S'inspirant de la véritable histoire de Vassili Zaitsev, Jean-Jacques Annaud a bâti un film romanesque et politique qui observe la guerre sous son jour le plus intime. À travers l'affrontement à distance de deux snipers (un russe face à un allemand), Stalingrad montre que les cicatrices dues à la guerre sont indélébiles et que les souvenirs personnels l'emportent souvent sur la grande Histoire. En ménageant de longues phases de calme entre chaque instant crucial, Annaud croque à merveille l'aspect insupportable de l'attente et la terrible orchestration de la propagande, qui peut regonfler un moral en berne mais causer bien plus de dégâts. Cette alternance assez régulière entre scènes de bravoure et moments de répits permet au metteur en scène d'insuffler une véritable tension qui va bien au-delà du simple suspense.

Le duel entre les deux tireurs d'élite est haletant, tant du point de vue tactique que pour sa dimension tragique. Une fois de plus, Jean-Jacques Annaud a soigné sa mise en scène : agile et rusé, il filme comme un tireur d'élite, embusquant sa caméra dans les recoins les plus obscurs pour espionner ses personnages sans perturber leur évolution. Soucieux de préserver avant tout le réalisme de son film, il laisse à son image un aspect très brut ; la poussière et le gris des décors valent tous les sépias du monde. Quant au casting, il est pour ainsi dire idéal. Avec des physiques plutôt proches (mais quelques décennies d'écart), Ed Harris et Jude Law incarnent parfaitement le décalage entre une Allemagne expérimentée mais essoufflée et une union soviétique en quête de jeunesse.

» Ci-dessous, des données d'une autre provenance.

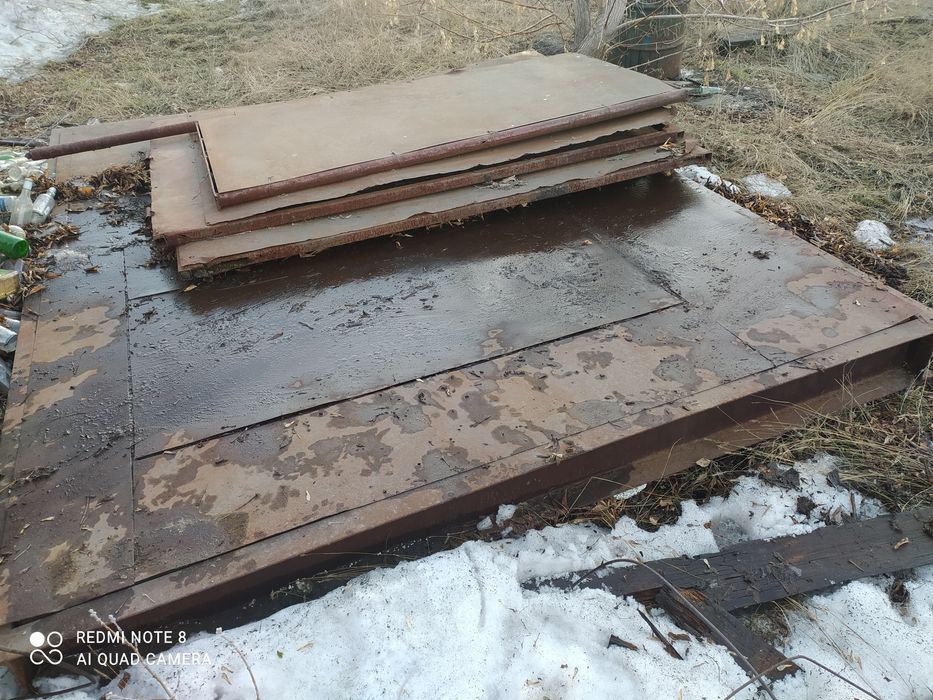 Железные ворота  110000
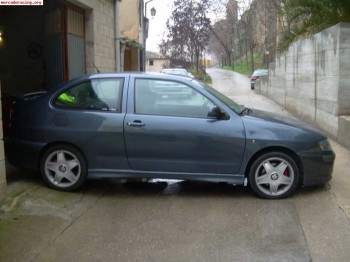 Seat cordoba cupra 1.8t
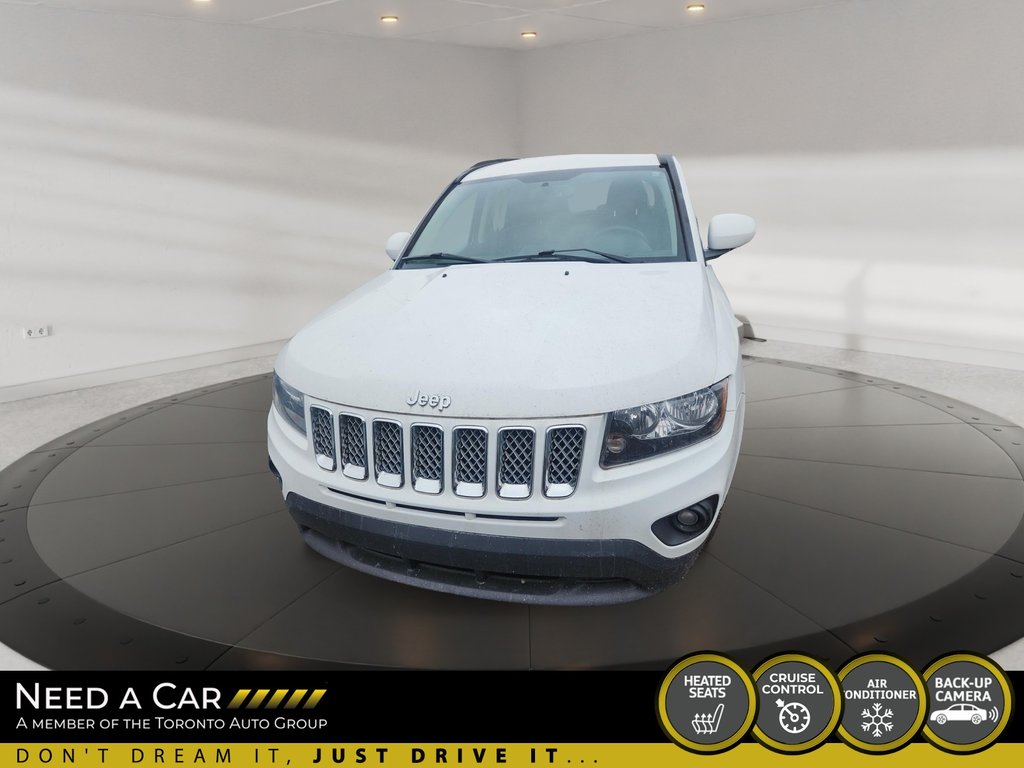 2016 Jeep Compass North in Thunder Bay, Ontario - 2 - w1024h768px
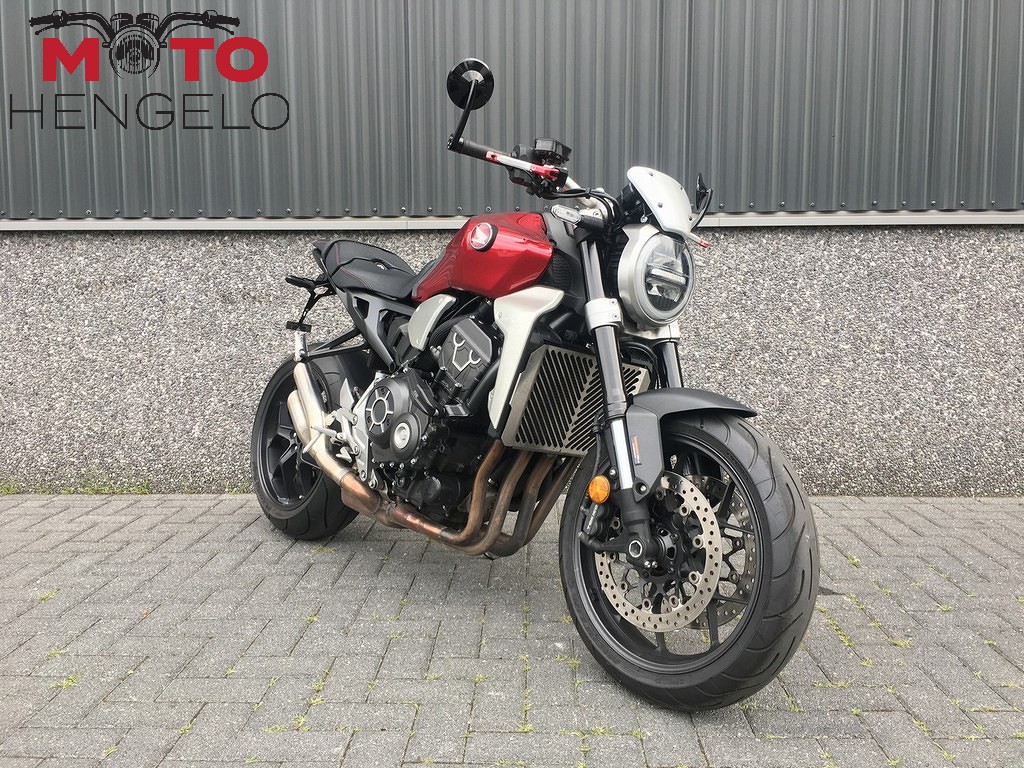 Te Koop Honda Cb 1000 R Bikenet 7126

La faiblesse du film est sans doute l'histoire d'amour : le duo Jude Law – Rachel Weisz a beau fonctionner à merveille, la romance a tendance à tirer le film vers un aspect fleur bleue très mignon mais moyennement pertinent une fois replacé dans le contexte (voir par exemple la scène d'amour). C'est peu de chose en comparaison avec la force de Stalingrad, bloc de béton finement taillé qui allie divertissement de qualité et passionnant témoignage politique.